- TASK STATEMENT -
An exact copy of the listing below is needed, with no pictures in it.

*** COLLECTED DATA ***

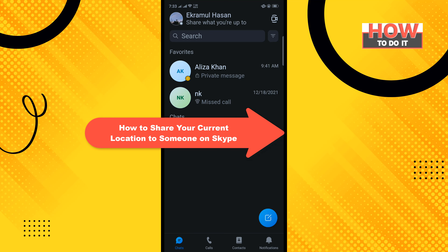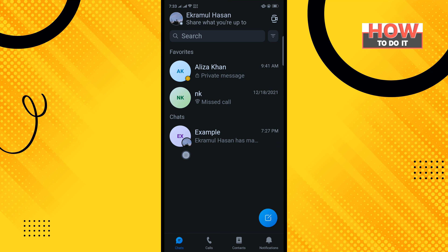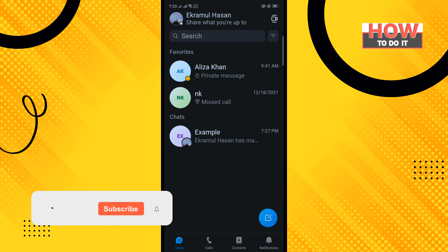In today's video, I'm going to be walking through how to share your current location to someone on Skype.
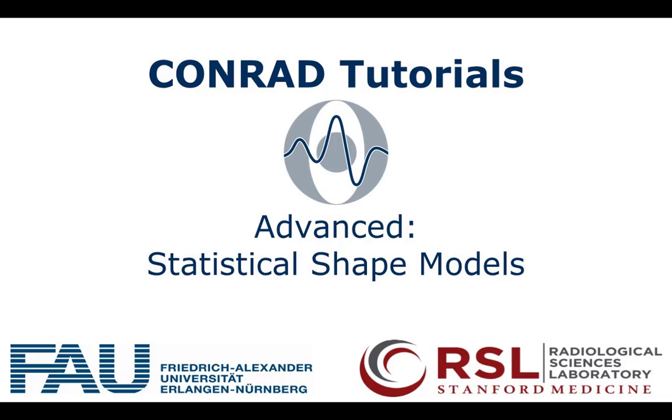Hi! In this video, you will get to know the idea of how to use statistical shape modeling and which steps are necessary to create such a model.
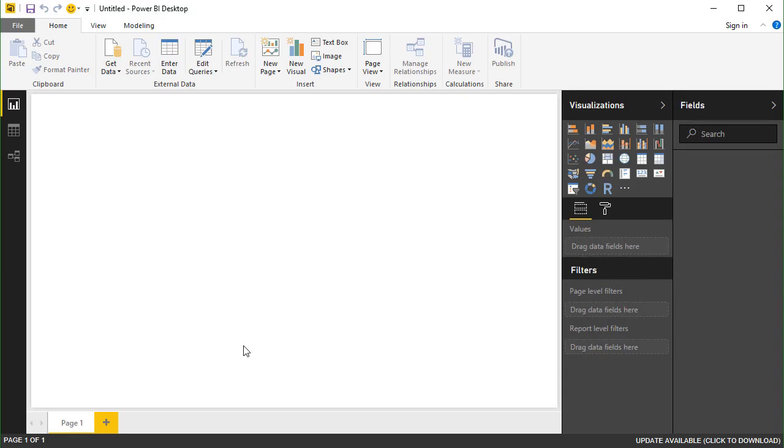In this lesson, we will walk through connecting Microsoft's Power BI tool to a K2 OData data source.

*** End of COLLECTED DATA ***

- SOLUTION FOR THIS TASK -
In today's video, I'm going to be walking through how to share your current location to someone on Skype.
Hi! In this video, you will get to know the idea of how to use statistical shape modeling and which steps are necessary to create such a model.
In this lesson, we will walk through connecting Microsoft's Power BI tool to a K2 OData data source.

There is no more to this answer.